▶ [Prompt] An exact copy of every record, with no pictures, please.

---- Data extract

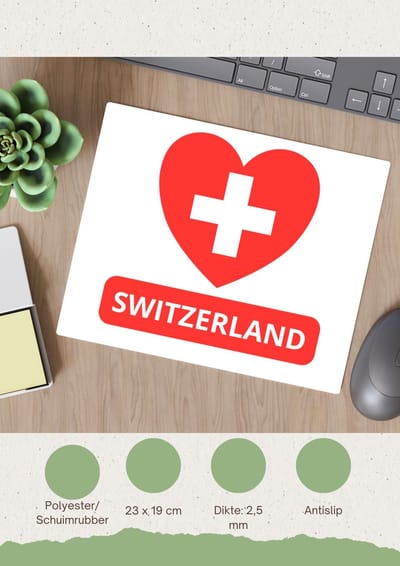 Akyol - switzerland vlag hartje Muismat - Zwitserland - reizigers - toerist - verjaardagscadeau - souvenir - vakantie - 23 bij 19 cm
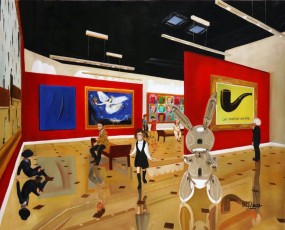 107-15-René, Salavador, Nikki, Andy and the children meet Magritte, Fontana, Chagall, Warhol, and Koons 15 - 115x143cm - 2021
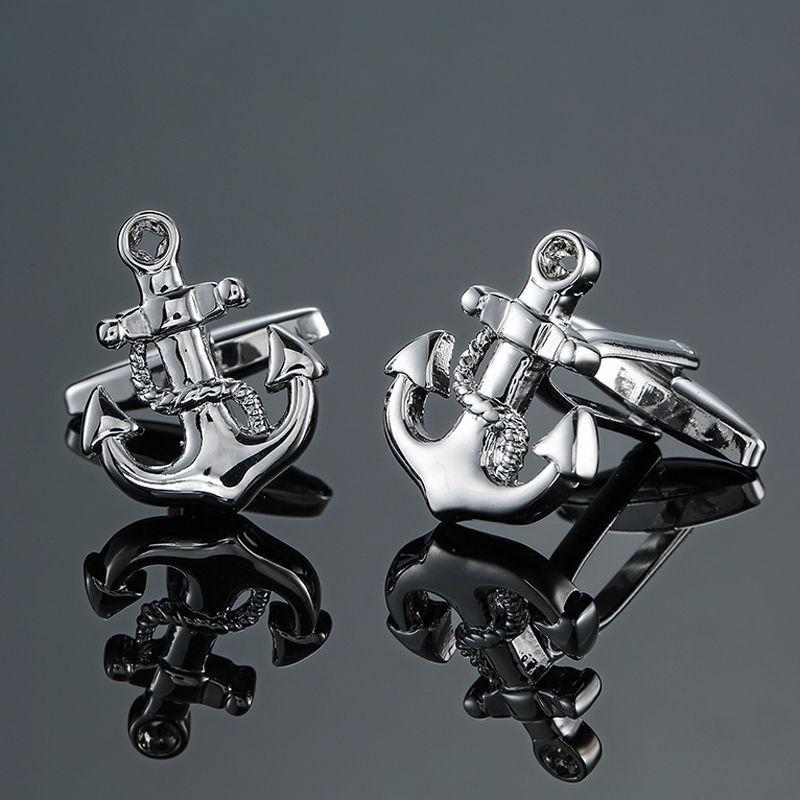

Men s French Cufflinks with Anchor and Ship Wheel Design Nautical Themed Shirt Accessories for Formal and Business Attire Silver Tone Metal One Size серебряный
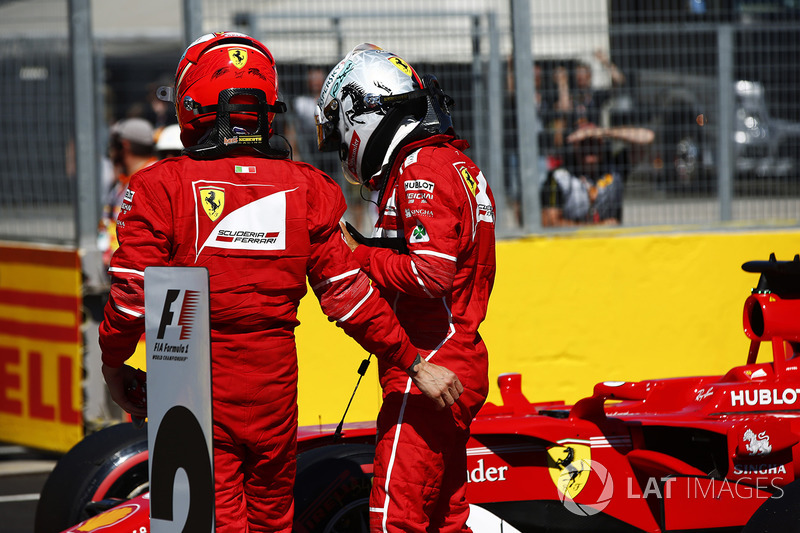 Polesitter Sebastian Vettel, Ferrari; 2. Kimi Raikkonen, Ferrari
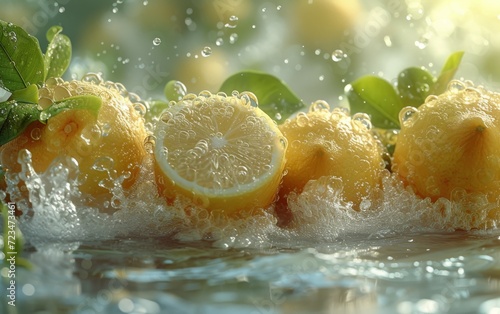 Fresh lime cut in half with water splashes.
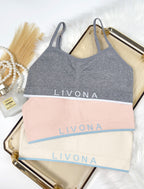 Livona 6 Pack Training Bras for Girls-Sports Bra for Teen Ribbed Wireless Bralette Fitness Padded Crop Cami Tank Top(6-14)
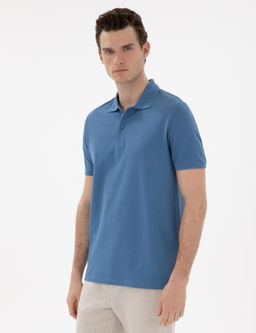 Koyu Mavi Regular Fit %100 Pamuk Polo Yaka Basic Ti__rt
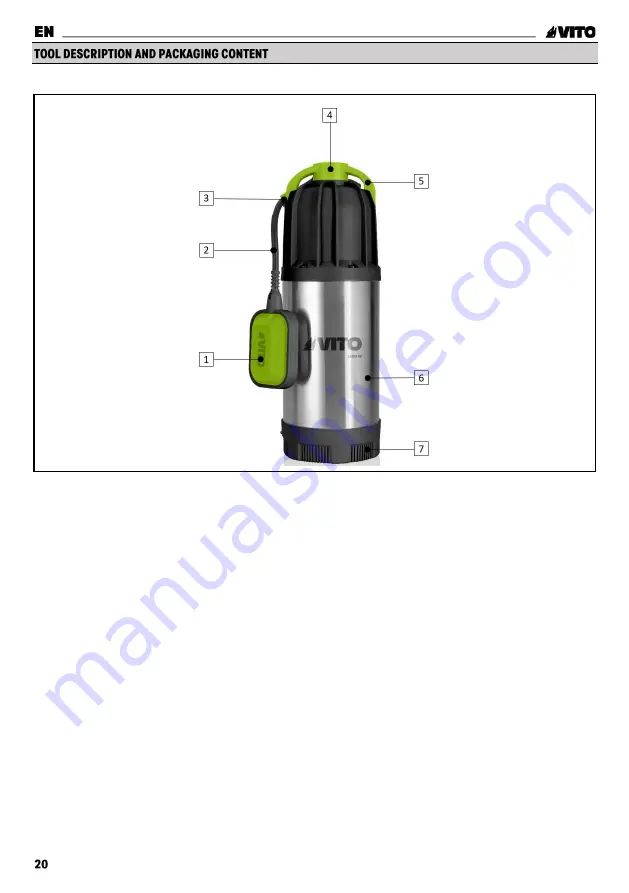 Vito Agro VIBSMAL1000 Instruction Manual Download Page 20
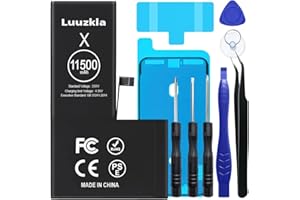 Luuzkla 11500mAh (2024 New Upgrade) Battery Compatible with iPhone X, Super Capacity Battery Replacement Compatible with iPhone X, with Full Tool Kits-0 Cycle High Capacity-24 Months Service
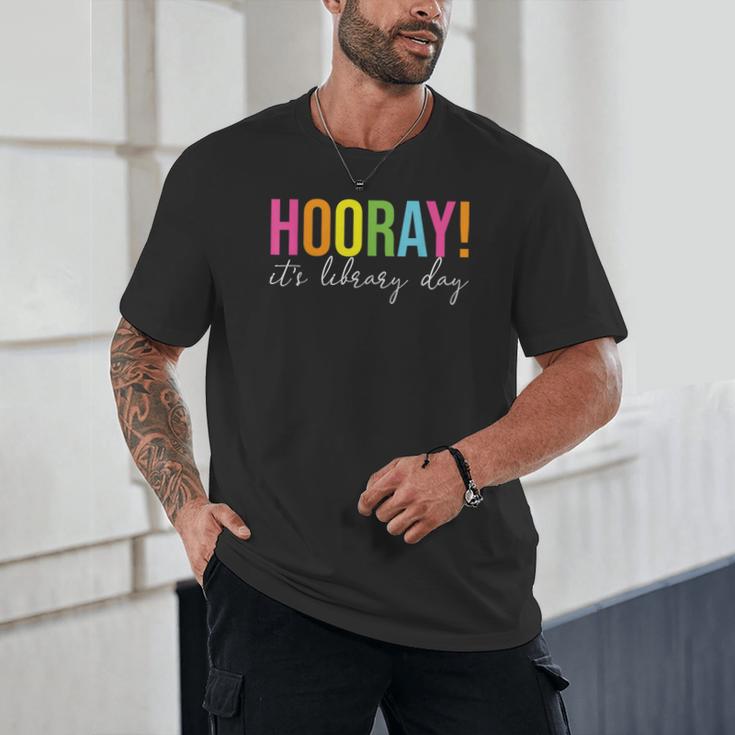Hooray It's Library Day Teacher Reader Books Back To School Unisex T-Shirt, novelty gifts, funny gifts Hooray It's Library Day Teacher Reader Books Back To School Unisex T-Shirt, novelty gifts, funny gifts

--------

▶ [Written response]
 Akyol - switzerland vlag hartje Muismat - Zwitserland - reizigers - toerist - verjaardagscadeau - souvenir - vakantie - 23 bij 19 cm
 107-15-René, Salavador, Nikki, Andy and the children meet Magritte, Fontana, Chagall, Warhol, and Koons 15 - 115x143cm - 2021

Men s French Cufflinks with Anchor and Ship Wheel Design Nautical Themed Shirt Accessories for Formal and Business Attire Silver Tone Metal One Size серебряный
 Polesitter Sebastian Vettel, Ferrari; 2. Kimi Raikkonen, Ferrari
 Fresh lime cut in half with water splashes.
 Livona 6 Pack Training Bras for Girls-Sports Bra for Teen Ribbed Wireless Bralette Fitness Padded Crop Cami Tank Top(6-14)
 Koyu Mavi Regular Fit %100 Pamuk Polo Yaka Basic Ti__rt
 Vito Agro VIBSMAL1000 Instruction Manual Download Page 20
 Luuzkla 11500mAh (2024 New Upgrade) Battery Compatible with iPhone X, Super Capacity Battery Replacement Compatible with iPhone X, with Full Tool Kits-0 Cycle High Capacity-24 Months Service
Hooray It's Library Day Teacher Reader Books Back To School Unisex T-Shirt, novelty gifts, funny gifts Hooray It's Library Day Teacher Reader Books Back To School Unisex T-Shirt, novelty gifts, funny gifts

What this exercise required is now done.